Now let’s compare the noise distribution — drawn fromt the jackknifed data sets — with the positive peak distribution of the real initial data set. Since the astronomical signal is positive, any excess in peaks distribution in the data can be considered real.

[6]:
mpl.rcParams['hatch.linewidth'] = 1

# Density vs SNR
# --------------
plt.figure(figsize=(4.4,4))
plt.title('Glass-z12')

# plt.grid(True, alpha = 0.4, lw=1, ls=':')

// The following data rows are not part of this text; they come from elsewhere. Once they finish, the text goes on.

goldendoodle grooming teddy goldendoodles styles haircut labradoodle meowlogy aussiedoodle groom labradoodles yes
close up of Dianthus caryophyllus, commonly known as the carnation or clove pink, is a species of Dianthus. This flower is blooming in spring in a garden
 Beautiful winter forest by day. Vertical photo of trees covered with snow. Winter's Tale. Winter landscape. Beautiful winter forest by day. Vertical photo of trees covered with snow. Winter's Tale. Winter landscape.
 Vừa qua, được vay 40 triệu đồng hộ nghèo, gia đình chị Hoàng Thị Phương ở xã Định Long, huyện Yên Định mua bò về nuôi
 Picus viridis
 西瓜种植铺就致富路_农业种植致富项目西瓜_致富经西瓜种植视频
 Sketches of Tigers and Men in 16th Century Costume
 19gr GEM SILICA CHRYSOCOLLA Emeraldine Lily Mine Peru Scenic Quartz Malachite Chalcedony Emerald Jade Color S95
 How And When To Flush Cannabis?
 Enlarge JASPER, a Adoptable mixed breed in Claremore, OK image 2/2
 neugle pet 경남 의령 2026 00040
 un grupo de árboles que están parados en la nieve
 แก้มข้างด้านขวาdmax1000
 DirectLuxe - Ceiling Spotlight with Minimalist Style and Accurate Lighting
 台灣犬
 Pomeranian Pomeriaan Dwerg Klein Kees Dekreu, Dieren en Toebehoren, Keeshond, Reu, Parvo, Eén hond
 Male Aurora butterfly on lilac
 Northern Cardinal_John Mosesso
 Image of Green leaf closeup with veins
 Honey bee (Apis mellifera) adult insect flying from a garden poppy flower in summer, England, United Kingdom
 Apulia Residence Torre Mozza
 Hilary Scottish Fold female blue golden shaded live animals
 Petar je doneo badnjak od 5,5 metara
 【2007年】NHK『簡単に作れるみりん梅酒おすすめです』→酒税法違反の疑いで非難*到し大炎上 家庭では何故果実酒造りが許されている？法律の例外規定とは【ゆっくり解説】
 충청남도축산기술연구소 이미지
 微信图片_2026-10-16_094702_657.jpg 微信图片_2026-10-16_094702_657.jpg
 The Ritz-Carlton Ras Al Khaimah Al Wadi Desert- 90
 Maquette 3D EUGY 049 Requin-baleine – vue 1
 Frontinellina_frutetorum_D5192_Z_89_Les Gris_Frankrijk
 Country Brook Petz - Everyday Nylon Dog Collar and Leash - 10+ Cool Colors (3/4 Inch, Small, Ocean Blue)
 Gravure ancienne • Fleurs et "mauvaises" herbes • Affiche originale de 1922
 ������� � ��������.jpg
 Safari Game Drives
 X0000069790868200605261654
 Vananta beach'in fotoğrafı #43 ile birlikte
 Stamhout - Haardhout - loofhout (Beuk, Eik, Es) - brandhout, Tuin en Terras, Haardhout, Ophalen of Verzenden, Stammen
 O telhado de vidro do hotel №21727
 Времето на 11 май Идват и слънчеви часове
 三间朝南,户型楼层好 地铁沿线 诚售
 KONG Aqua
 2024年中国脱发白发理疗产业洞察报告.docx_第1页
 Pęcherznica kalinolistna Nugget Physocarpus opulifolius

# plotting the Poisson uncertainty
PTD, bin_edges = np.histogram(data_real_P, bins=np.linspace(0, 6, 26), density = True)
PFD, bin_edges = np.histogram(data_jack,   bins=np.linspace(0, 6, 26), density = True)
bin_centers = 0.5 * (bin_edges[1:] + bin_edges[:-1])
bin_widths = bin_edges[1] - bin_edges[0]

raw_counts, _ = np.histogram(data_real_P, bins=np.linspace(0, 6, 26))
uncertainties = np.sqrt(raw_counts)
density_uncertainties = uncertainties / (len(data_real_P) * bin_widths)

plt.fill_between(bin_edges, np.append(0,PFD), step = 'pre', alpha = 0.7, color='C0', edgecolor='C0', lw=1, label = r'N$_{\rm pos}$ jacked $\propto\mathcal{P}_{\rm FD}$', hatch='x', rasterized = True)
plt.fill_between(bin_edges, np.append(0,PTD), step = 'pre', alpha = 0.7, color='C2', edgecolor='C2', lw=1, label = r'N$_{\rm pos}$ real $\propto\mathcal{P}_{\rm D}$', hatch='', rasterized = True )
plt.step(bin_edges, np.append(0,PFD), where = 'pre', alpha = 1, color='C0',  lw=1,)
plt.step(bin_edges, np.append(0,PTD), where = 'pre', alpha = 1, color='C2',  lw=1,)
plt.errorbar(bin_centers, PTD, yerr=density_uncertainties, fmt=' ', alpha=0.8, color='C2', label='Poisson uncertainty')


plt.xlabel(r'$S/N$', fontsize = 12)
plt.ylabel(r'PDF', fontsize = 12)
plt.legend(frameon=False, fontsize = 12, loc = 1)
plt.semilogy()
plt.axis(ymin = 5.5e-4, ymax = 1e0, xmin = 0.1, xmax = 6.5) # added this

plt.tight_layout()
plt.show()
../_images/notebooks_HowToLineFind_10_0.png

In the five jackknifed data sets we run, we thus find higher SNR peaks in the data cube. Thus we can’t assume that the 4\(\sigma\) peak we find in the data is real. We can be more quantitive. Since we sampled the distribution of false positives with large statistics (preferable use more jack knifed data sets than 5), we can treat the resulting pdf as a sampled posterior distribution. Hence the integral from \(\gamma=3.8\) till the highest bin gives the likelihood of having at least one peak above the detection threshold of \(3.8\sigma\) which is:

[7]:
snr = 3.8
fd = np.sum(bin_widths*PFD[bin_centers>snr])
td = np.sum(bin_widths*PTD[bin_centers>snr])

print('{:.4f}'.format(fd))
print('{:.4f}'.format(td))
print(td/fd)
0.0065
0.0064
0.9839743589743585
[8]:
print("Number of Peaks: N=", len(data_real_P))
Number of Peaks: N= 936

But with N, amount of peaks in the data we expect to find:

[9]:
print('~',     fd * len(data_real_P),
'±',   np.sqrt(fd * len(data_real_P)))
~ 6.097719869706839 ± 2.469356165016873

and we find in the real data set:

[10]:
print('~',     td * len(data_real_P),
'±',   np.sqrt(td * len(data_real_P)))
~ 5.999999999999995 ± 2.449489742783177

Hence, the data is completely consistent with noise.